Scan the material for the word "with" and copy each line where it occurs.

▸ **Records**
****************
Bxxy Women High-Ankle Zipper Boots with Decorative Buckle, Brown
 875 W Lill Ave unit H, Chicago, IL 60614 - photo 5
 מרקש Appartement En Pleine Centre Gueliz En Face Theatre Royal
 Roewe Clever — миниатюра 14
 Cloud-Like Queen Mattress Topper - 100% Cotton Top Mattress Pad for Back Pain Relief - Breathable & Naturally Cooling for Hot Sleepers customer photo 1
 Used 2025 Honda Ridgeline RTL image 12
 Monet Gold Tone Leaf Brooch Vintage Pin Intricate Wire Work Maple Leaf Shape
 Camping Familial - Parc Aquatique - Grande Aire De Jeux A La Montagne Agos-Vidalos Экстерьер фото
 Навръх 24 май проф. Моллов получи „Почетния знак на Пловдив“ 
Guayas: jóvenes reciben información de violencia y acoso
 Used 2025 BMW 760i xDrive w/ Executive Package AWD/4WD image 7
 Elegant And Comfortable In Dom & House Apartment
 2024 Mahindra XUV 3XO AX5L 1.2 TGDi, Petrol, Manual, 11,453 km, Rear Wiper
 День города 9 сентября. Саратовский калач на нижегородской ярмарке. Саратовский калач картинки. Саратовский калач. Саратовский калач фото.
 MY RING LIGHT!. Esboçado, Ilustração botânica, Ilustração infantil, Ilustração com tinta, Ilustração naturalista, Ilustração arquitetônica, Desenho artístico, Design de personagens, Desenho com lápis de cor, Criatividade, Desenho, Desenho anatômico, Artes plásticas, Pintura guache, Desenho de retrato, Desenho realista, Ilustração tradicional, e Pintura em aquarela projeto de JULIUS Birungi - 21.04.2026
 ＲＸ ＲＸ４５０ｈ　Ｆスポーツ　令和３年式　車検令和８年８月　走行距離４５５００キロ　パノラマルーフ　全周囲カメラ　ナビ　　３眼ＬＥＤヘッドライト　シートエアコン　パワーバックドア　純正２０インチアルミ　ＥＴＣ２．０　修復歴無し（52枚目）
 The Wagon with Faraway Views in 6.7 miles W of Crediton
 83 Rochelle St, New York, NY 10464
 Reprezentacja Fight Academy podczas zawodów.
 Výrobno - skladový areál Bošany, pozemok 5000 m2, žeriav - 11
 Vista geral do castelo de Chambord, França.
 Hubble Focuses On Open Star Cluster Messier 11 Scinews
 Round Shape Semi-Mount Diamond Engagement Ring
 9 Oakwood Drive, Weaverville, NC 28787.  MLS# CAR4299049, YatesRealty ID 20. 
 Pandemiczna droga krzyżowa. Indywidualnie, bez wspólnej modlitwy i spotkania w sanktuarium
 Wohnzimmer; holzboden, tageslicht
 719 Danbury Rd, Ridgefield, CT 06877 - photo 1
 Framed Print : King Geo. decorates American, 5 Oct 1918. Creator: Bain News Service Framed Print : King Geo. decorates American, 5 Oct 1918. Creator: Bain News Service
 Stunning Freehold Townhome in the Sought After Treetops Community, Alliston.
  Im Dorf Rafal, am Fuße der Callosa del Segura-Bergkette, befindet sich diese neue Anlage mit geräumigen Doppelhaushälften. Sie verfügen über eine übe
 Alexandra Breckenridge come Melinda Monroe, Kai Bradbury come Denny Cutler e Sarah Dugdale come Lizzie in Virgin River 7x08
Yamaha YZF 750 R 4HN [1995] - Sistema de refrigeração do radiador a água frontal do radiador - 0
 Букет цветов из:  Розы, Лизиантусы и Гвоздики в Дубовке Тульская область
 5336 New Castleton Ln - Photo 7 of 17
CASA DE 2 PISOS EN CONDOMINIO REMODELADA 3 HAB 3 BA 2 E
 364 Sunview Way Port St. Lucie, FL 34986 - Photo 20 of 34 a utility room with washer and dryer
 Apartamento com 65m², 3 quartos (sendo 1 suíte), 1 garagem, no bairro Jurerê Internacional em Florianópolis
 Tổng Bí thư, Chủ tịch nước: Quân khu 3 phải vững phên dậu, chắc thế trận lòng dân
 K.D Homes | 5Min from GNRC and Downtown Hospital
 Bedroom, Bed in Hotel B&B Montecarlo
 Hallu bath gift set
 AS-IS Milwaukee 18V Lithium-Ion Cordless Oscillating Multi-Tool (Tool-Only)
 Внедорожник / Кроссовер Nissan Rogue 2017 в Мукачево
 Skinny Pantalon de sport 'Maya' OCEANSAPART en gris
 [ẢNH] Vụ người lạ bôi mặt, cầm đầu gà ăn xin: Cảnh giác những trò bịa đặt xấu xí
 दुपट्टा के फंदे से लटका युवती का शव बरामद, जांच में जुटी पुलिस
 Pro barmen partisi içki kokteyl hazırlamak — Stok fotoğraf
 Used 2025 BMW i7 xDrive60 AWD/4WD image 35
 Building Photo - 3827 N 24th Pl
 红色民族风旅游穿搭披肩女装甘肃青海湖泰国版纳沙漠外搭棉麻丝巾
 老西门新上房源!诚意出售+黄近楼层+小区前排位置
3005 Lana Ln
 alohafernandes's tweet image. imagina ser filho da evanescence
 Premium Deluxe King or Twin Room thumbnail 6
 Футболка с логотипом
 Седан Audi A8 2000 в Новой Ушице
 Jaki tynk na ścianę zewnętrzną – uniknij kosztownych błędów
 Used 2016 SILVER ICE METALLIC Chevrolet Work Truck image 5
****************
▸ **Result for this exercise**
Bxxy Women High-Ankle Zipper Boots with Decorative Buckle, Brown
 The Wagon with Faraway Views in 6.7 miles W of Crediton
 364 Sunview Way Port St. Lucie, FL 34986 - Photo 20 of 34 a utility room with washer and dryer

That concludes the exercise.